Wilhelm Karl Friedrich Fitzenhagen (15 September 1848 – 14 February 1890) was a German cellist, composer and teacher, best known today as the dedicatee of Pyotr Ilyich Tchaikovsky's Variations on a Rococo Theme.

Life
Fitzenhagen was born in Seesen in the Duchy of Brunswick, where his father served as music director. Beginning at age five, he received lessons on the piano, the cello and the violin. Many times, he had to substitute for wind players absent due to various emergencies. At age 14, Fitzenhagen began advanced studies of the cello with Theodore Müller.
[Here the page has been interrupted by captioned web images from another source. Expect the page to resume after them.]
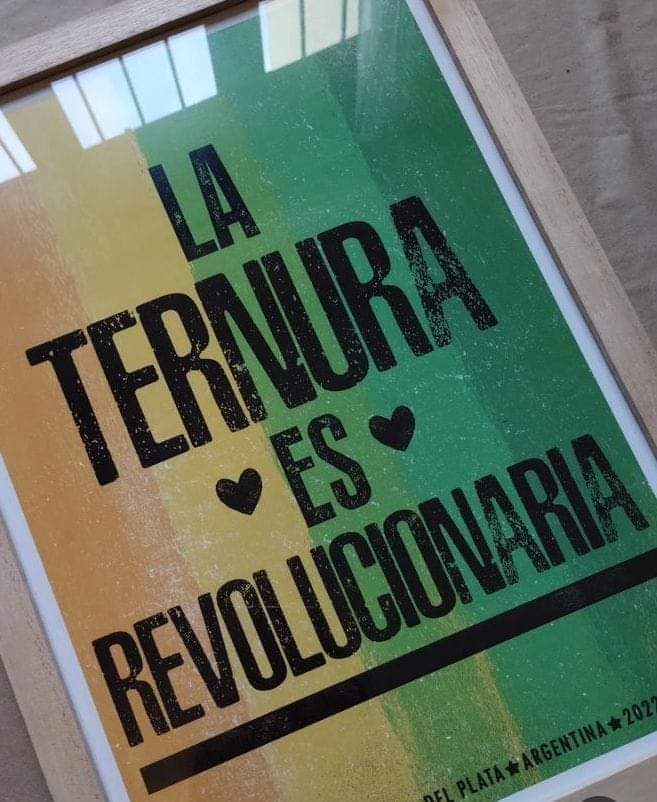 ...“Porque no se puede ser revolucionario sin lágrimas en los ojos y sin dulzura en las manos"...
Tomás Borge.

#BuenasNoches familia! 🥰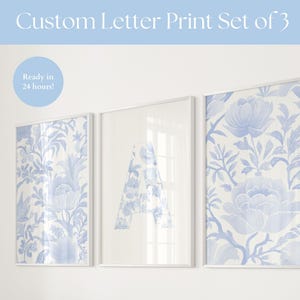 Juego de 3 impresiones de letras personalizadas, arte de pared chinoiserie, monograma de dormitorio, impresión inicial personalizada, impresiones de pared de guardería floral vintage para niñas, juego azul
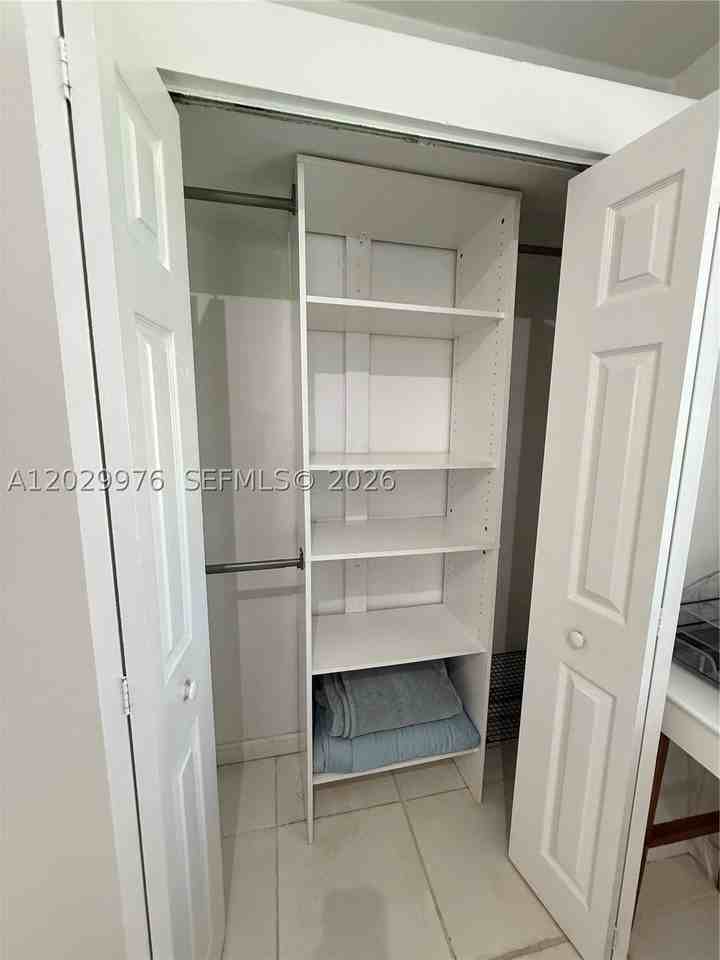 601 Michigan Ave #3 - Photo 5 of 10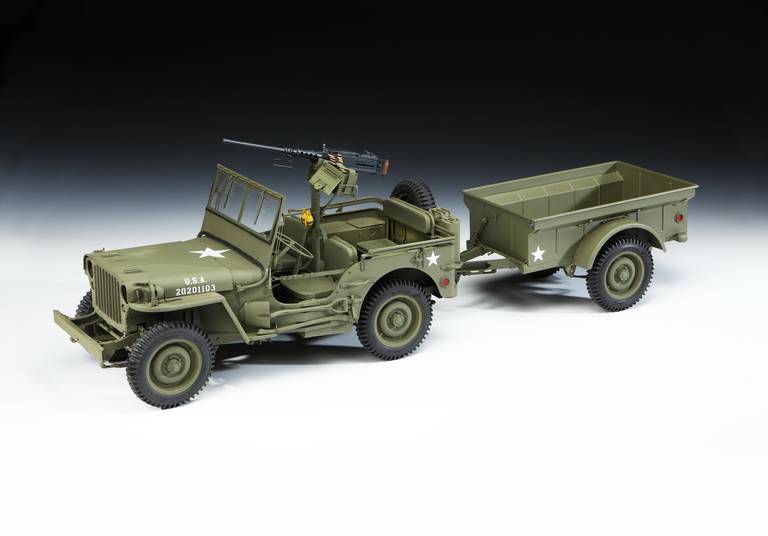 An exquisitely detailed 1:8 scale model of the legendary Willys Jeep, described by General Eisenhower as one of ‘the three tools that won the war’ (the other two being the DC3 Dakota and the landing craft). This model, complete with miniature engine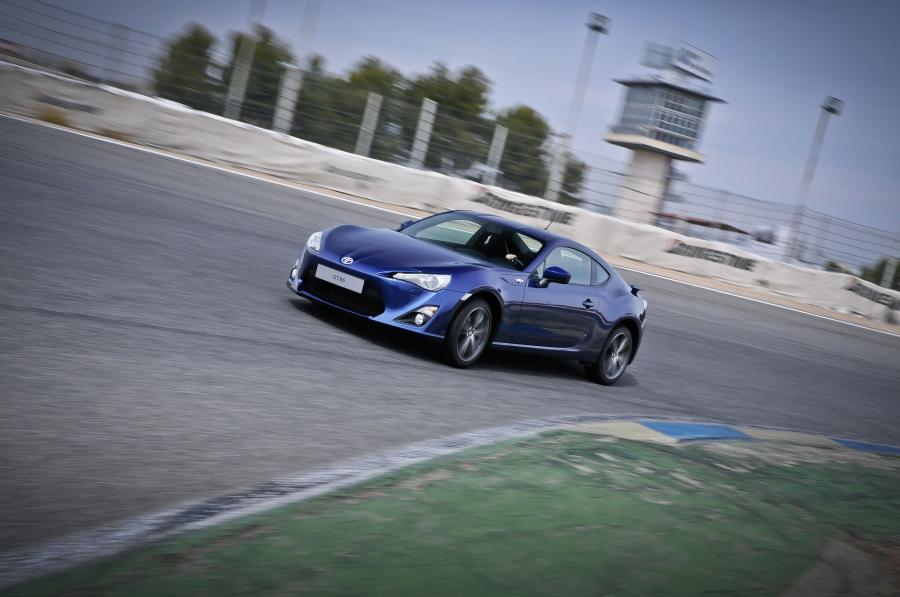  Toyota GT 86 2012 года  (фото 68 из 106)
Three years later, Fitzenhagen played for the Duke of Brunswick, who released him from all military service. In 1867, some noble patrons enabled him to study for a year with Friedrich Grützmacher in Dresden, A year later he was appointed to the Dresden Hofkapelle, where he started his career as soloist.

Fitzenhagen's playing at the 1870 Beethoven Festival in Weimar attracted the attention of Franz Liszt, who had formerly served as music director there. Liszt attempted to talk Fitzenhagen into joining the court orchestra. Fitzenhagen, however, had already accepted a professorship at the Moscow Conservatory. Fitzenhagen became regarded as the premier cello instructor in Russia and equally well known as a soloist and chamber music performer. He was appointed solo cellist to the Russian Musical Society and director of the Moscow Music and Orchestral Union. It was through this union that he made many concert appearances as a soloist. He formed a friendship with Tchaikovsky, giving the first performances of all three of that composer's string quartets as well as the Piano Trio as a member of the Russian Music Society's quartet.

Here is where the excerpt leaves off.